Iain Lees-Galloway has been dismissed as a Minister after a 12-month-long inappropriate relationship with a former staffer came to light.
In government, he held the ministerial portfolios of Workplace Relations and Safety, Immigration and ACC and he was deputy leader of the House.
He will continue to serve as an MP until the election, when he will stand down. He will not be standing again.
The staff member Lees-Galloway had a relationship with was someone who had previously worked in Lees-Galloway's office and had been based in one of his agencies.
Prime Minister Jacinda Ardern said given his role "there are circumstances here that I feel reach a threshold" to take action.
His profile on the Beehive website states: "Iain's aim is to create an employment relations framework that ensures working people get a fair share of a growing economy while workplaces are productive and safe."
Lees-Galloway was born in South Auckland and grew up on a beef farm near Waiuku.
Later, he moved to Palmerston North to study and settle down eventually. He is married with three children.
He has been MP for Palmerston North since 2008. He won the seat in the last election with more than 18,000 votes, compared to the nearly 12,000 of National Party runner up Adrienne Pierce, increasing his share by about 3 percent on 2014.
The seat has been held by a Labour candidate since 1978, but the electorate's party votes in 2017 were nearly an even split between the two major parties with 14,648 votes for Labour and 14,276 for National.
Immigration New Zealand has been accused of destroying the dreams of migrant workers, students, family members because it often takes several months - and sometimes more than a year - to process visas.
During an Immigration New Zealand restructure, redundancy payouts to staff cost taxpayers almost $8 million and resulted in only half of the promised savings.

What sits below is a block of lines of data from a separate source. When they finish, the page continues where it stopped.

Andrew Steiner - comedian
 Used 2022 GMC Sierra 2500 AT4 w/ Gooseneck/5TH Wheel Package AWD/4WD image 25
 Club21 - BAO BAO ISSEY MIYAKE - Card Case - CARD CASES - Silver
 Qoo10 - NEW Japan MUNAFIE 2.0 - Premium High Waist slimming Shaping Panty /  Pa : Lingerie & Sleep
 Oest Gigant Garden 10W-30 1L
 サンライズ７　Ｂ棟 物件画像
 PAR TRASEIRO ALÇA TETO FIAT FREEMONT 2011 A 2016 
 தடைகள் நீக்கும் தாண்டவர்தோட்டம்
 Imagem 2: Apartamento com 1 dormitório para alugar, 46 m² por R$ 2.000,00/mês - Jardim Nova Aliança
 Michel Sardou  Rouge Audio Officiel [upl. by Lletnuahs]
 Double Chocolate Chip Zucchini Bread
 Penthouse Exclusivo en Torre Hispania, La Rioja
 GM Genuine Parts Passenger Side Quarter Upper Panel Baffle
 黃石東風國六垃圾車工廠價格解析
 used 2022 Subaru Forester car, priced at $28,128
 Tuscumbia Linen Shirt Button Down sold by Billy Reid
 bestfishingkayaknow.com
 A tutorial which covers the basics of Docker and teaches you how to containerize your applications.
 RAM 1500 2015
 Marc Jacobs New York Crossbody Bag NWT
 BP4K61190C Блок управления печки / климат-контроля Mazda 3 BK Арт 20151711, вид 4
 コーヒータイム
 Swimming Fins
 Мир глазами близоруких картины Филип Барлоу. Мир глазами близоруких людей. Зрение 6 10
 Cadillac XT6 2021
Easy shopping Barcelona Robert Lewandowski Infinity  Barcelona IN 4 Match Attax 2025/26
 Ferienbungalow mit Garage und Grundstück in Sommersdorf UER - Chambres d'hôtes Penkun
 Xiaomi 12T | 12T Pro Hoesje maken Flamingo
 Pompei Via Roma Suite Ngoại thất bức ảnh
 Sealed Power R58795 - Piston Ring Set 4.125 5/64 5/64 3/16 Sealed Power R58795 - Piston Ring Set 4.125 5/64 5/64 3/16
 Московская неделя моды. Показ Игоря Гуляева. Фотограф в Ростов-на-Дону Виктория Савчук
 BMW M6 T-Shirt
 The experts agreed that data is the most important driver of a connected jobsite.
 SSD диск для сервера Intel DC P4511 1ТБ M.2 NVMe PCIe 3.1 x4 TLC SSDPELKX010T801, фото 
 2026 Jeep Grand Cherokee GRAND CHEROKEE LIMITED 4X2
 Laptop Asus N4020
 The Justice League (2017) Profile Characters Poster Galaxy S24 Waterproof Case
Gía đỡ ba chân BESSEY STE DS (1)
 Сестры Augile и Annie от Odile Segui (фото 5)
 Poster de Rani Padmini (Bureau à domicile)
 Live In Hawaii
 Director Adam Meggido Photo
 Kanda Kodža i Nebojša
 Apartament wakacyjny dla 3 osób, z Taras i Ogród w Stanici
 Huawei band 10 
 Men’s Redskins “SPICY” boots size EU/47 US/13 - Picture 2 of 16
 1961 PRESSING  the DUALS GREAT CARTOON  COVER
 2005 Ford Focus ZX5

In October 2019, Lees-Galloway overturned a policy criticised as racist, by dropping a requirement for African and Middle Eastern refugees to have a family link to New Zealand. Africa and Middle East regions will have their refugee allocation increased from 14 percent to 15 percent.
Last year, he came under fire for his decision to grant residency to convicted Czech drug smuggler Karel Sroubek.
He was accused of not reading the complete file and subsequently having to reverse the residency decision after the Opposition began drip-feeding information to the media about Sroubek's chequered past.
Sroubek is in jail and faces deportation after being convicted of importing almost 5kg of ecstasy.
Here is a timeline of the Sroubek case going back to 2008 when he was first granted residency.
Then in another move dubbed 'Sroubek 2.0' by the National Party, Lees-Galloway granted residency to a man with multiple drink-driving convictions, saying they had been in the country for 20 years and had kept out of trouble for a long time.